==== Extracted entries

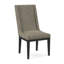 Upholstered Dining Chair-35820248-35822868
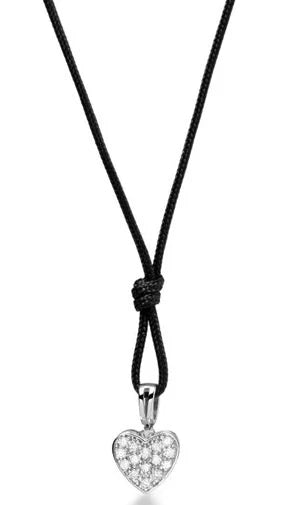 LBB541_C - CHARMS LE BEBE MOD. LBB541_C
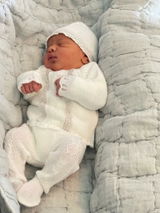 Jhannery Ortiz review photo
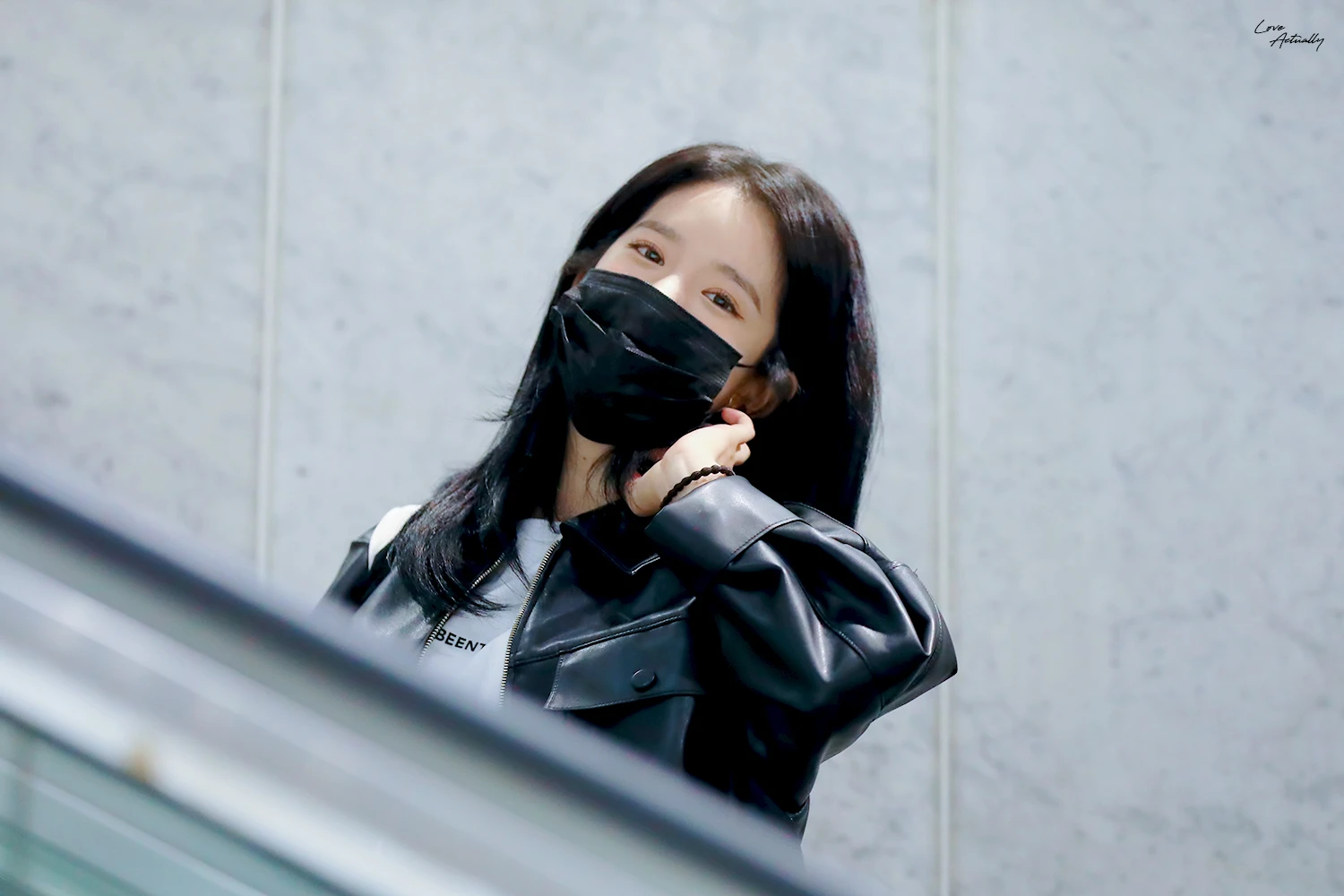 EXY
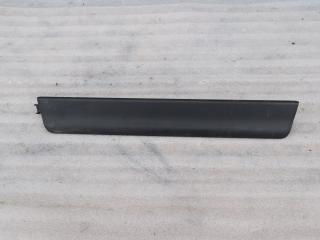 накладка на порог внутренняя Volvo XC70 3 поколение [рестайлинг] 2015, 2.4 л., D5, D 5244 T20, дизель, АКПП, универсал, полный подключаемый привод, 31306758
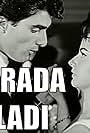 Ask orada basladi (1962)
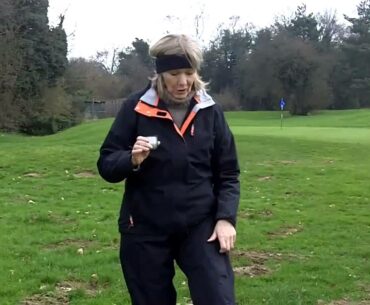 www.sheplaygolf.com - Golf Clothing for Women in Winter
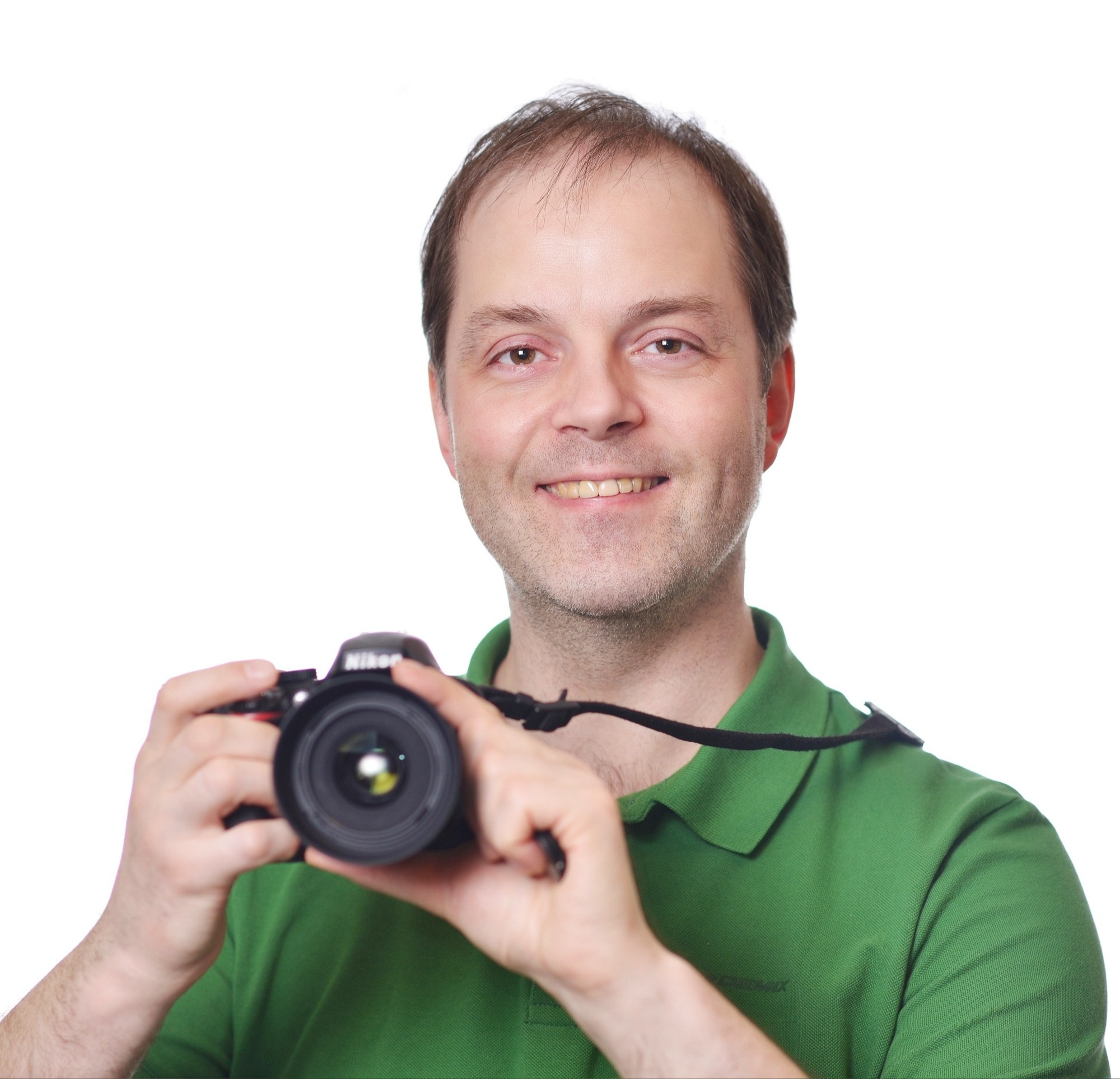 Контакты. Фотограф Максим Мицун. Портрет, репортаж, каталог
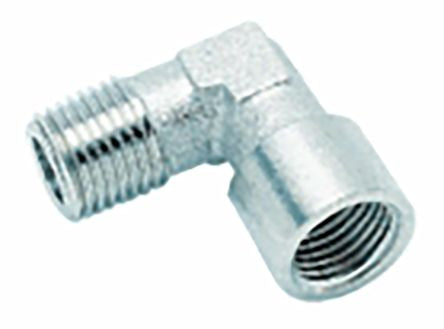 RS PRO 1761089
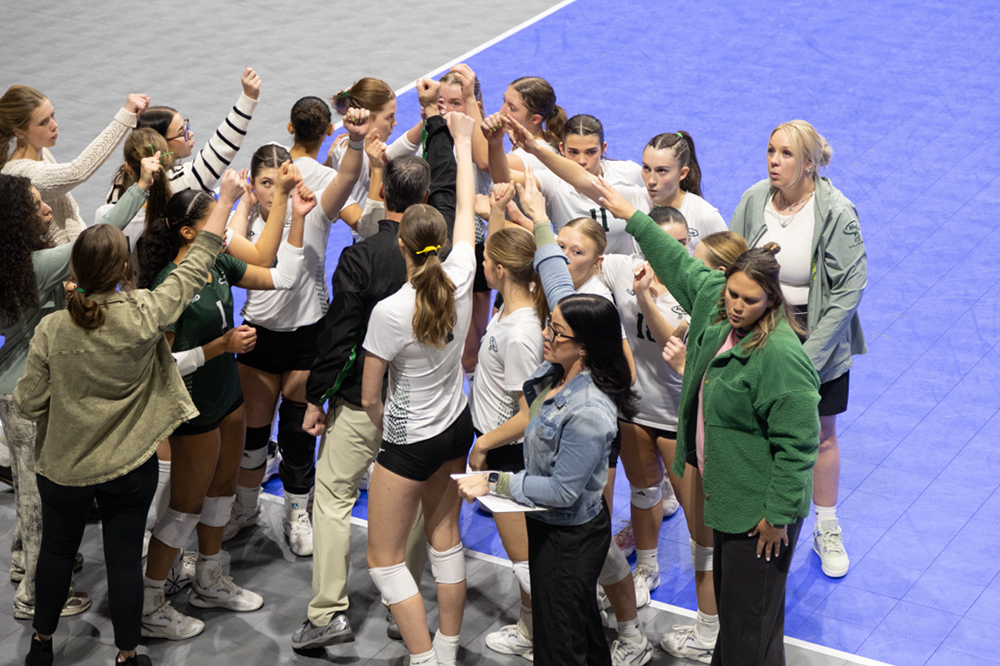 %_tempFileName1M6A1521%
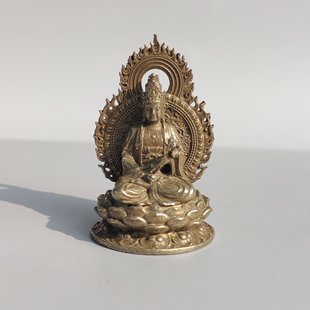 ��ʽȫ���L�~�^���Ҿ��b�ˇƷ�[�O�Ϻ�ɏ���^������[�����_��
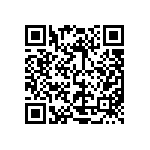 M83723-71W20258-LC QRCode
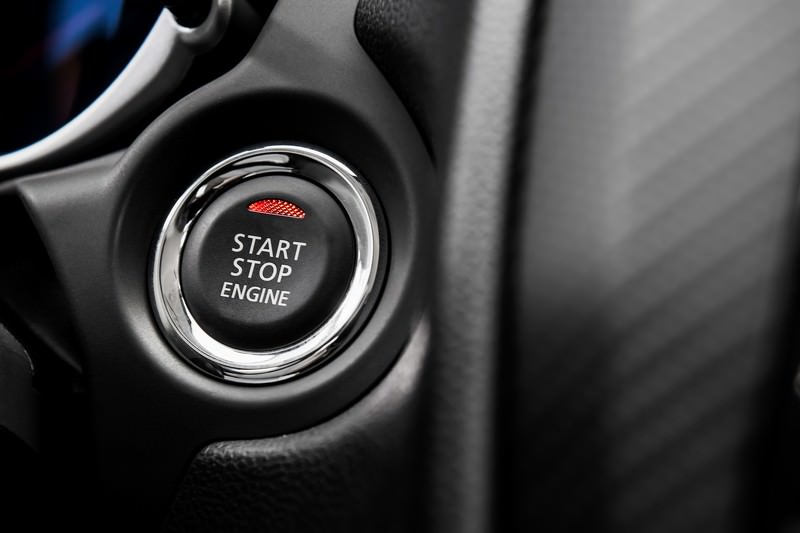 Mitsubishi  Outlander Sport Los Angeles’ta Sahne Aldı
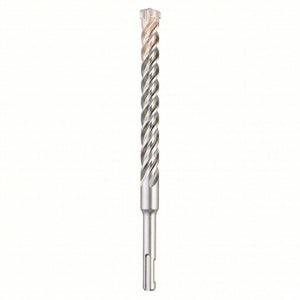 5/8 X 8” SDS Concrete Drill Bit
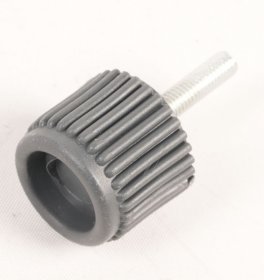 Keg Foot - 1 02 000 0026 Foot
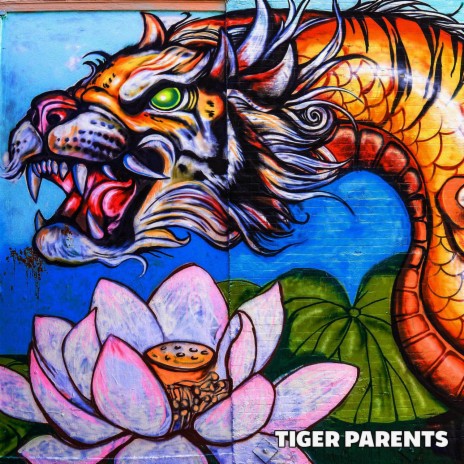Tiger Parents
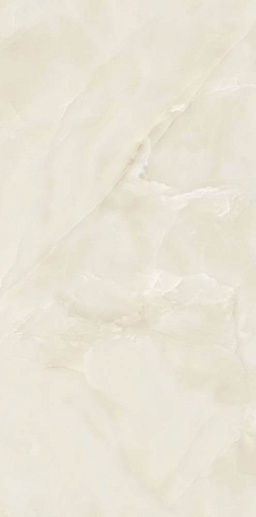 Ultra Onici Miele Lucidato 150x300 - фото 1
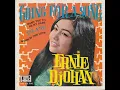 Download Lagu Ernie Djohan - Going For A Song
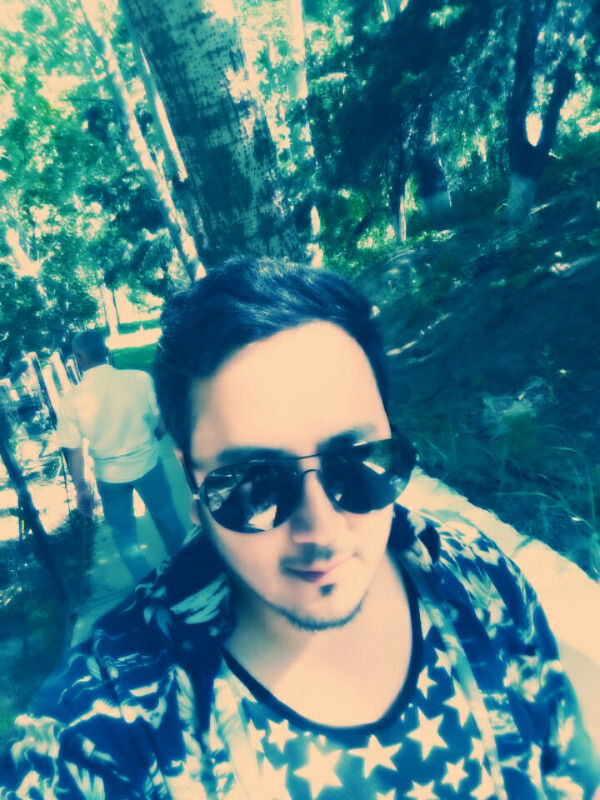  ,   Starboy, 34 ,   ,   , c , 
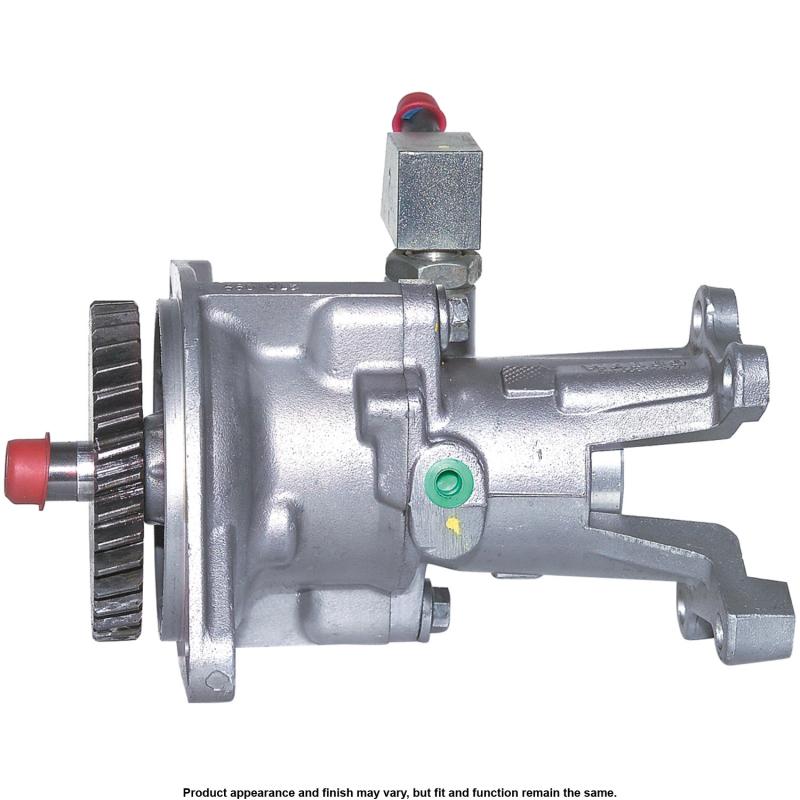 A1 Cardone 641309 Vacuum Pump product image 1 of 4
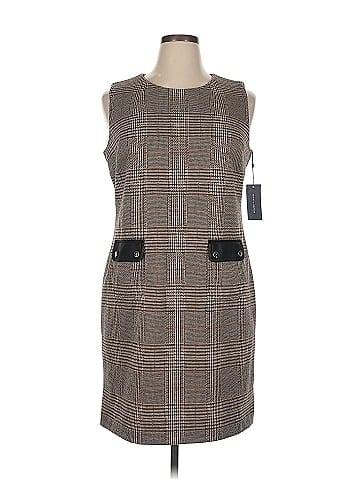Tommy Hilfiger Casual Dress (view 1)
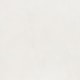 Porcelanato Portinari Loft Wh 59,5X59,5cm Bold - 01a3e3da-966f-4f77-b2a1-208c10ec0382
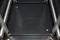 Rockstable 19" Serverschrank 32HE, Gitternetztür, IP2X, schwarz, 800mm tief Vorschaubild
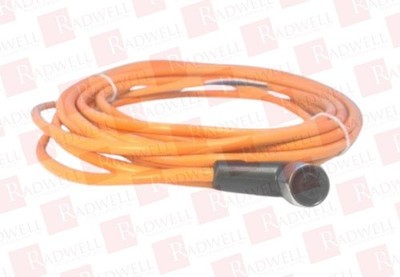 EFECTOR ADOAH043VAS0005E04-EVT007 / ADOAH043VAS0005E04EVT007 (BRAND NEW)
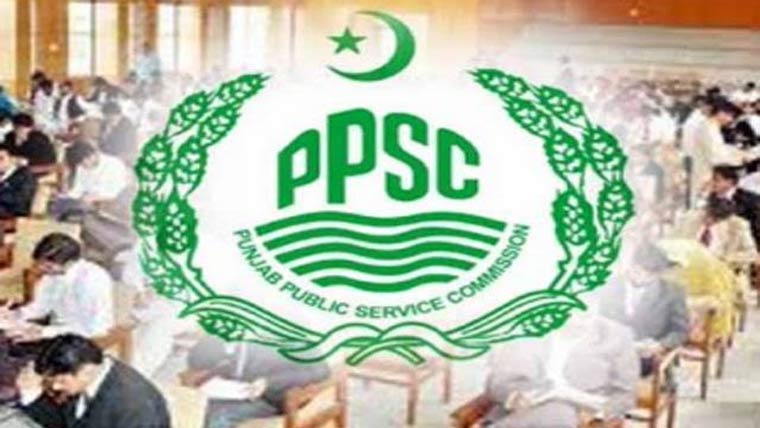 اسسٹنٹ رجسٹرار کو آپریٹو ، پولیس میں اسسٹنٹ کے لئے نتائج 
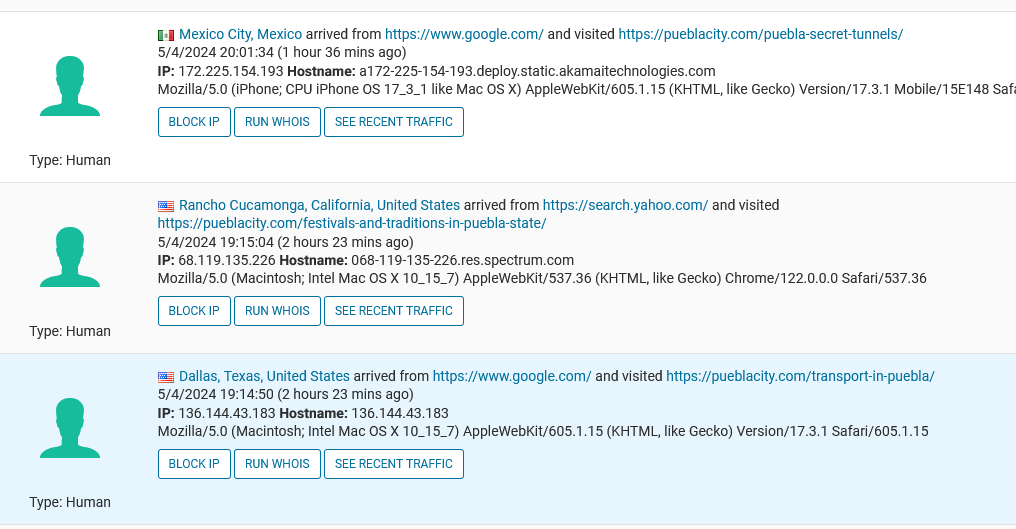Screenshot 2024-04-05 at 21-37-28 Live Traffic ‹ Tools ‹ Puebla City — WordPress.png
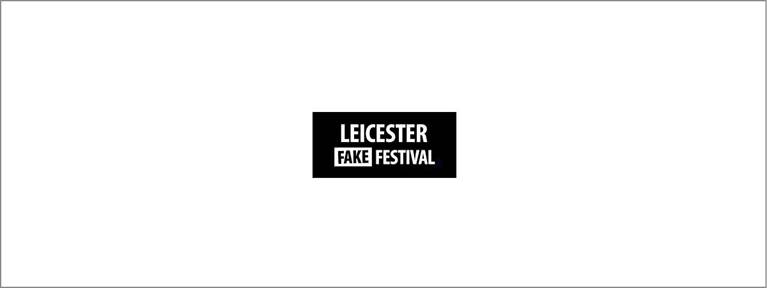 Fake Festival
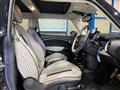 2011 BMW MINI
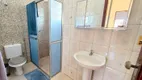 Foto 15 de Sobrado com 2 Quartos à venda, 144m² em Indaia, Bertioga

========

_Task goal_
Print exactly the lines from the line with "M83723-71W20258-LC QRCode" through the end of the data, both ends included, and print no pictures.

_Output for this exercise_
 M83723-71W20258-LC QRCode
 Mitsubishi  Outlander Sport Los Angeles’ta Sahne Aldı
 5/8 X 8” SDS Concrete Drill Bit
 Keg Foot - 1 02 000 0026 Foot
Tiger Parents
 Ultra Onici Miele Lucidato 150x300 - фото 1
 Download Lagu Ernie Djohan - Going For A Song
  ,   Starboy, 34 ,   ,   , c , 
 A1 Cardone 641309 Vacuum Pump product image 1 of 4
Tommy Hilfiger Casual Dress (view 1)
 Porcelanato Portinari Loft Wh 59,5X59,5cm Bold - 01a3e3da-966f-4f77-b2a1-208c10ec0382
 Rockstable 19" Serverschrank 32HE, Gitternetztür, IP2X, schwarz, 800mm tief Vorschaubild
 EFECTOR ADOAH043VAS0005E04-EVT007 / ADOAH043VAS0005E04EVT007 (BRAND NEW)
 اسسٹنٹ رجسٹرار کو آپریٹو ، پولیس میں اسسٹنٹ کے لئے نتائج 
Screenshot 2024-04-05 at 21-37-28 Live Traffic ‹ Tools ‹ Puebla City — WordPress.png
 Fake Festival
 2011 BMW MINI
 Foto 15 de Sobrado com 2 Quartos à venda, 144m² em Indaia, Bertioga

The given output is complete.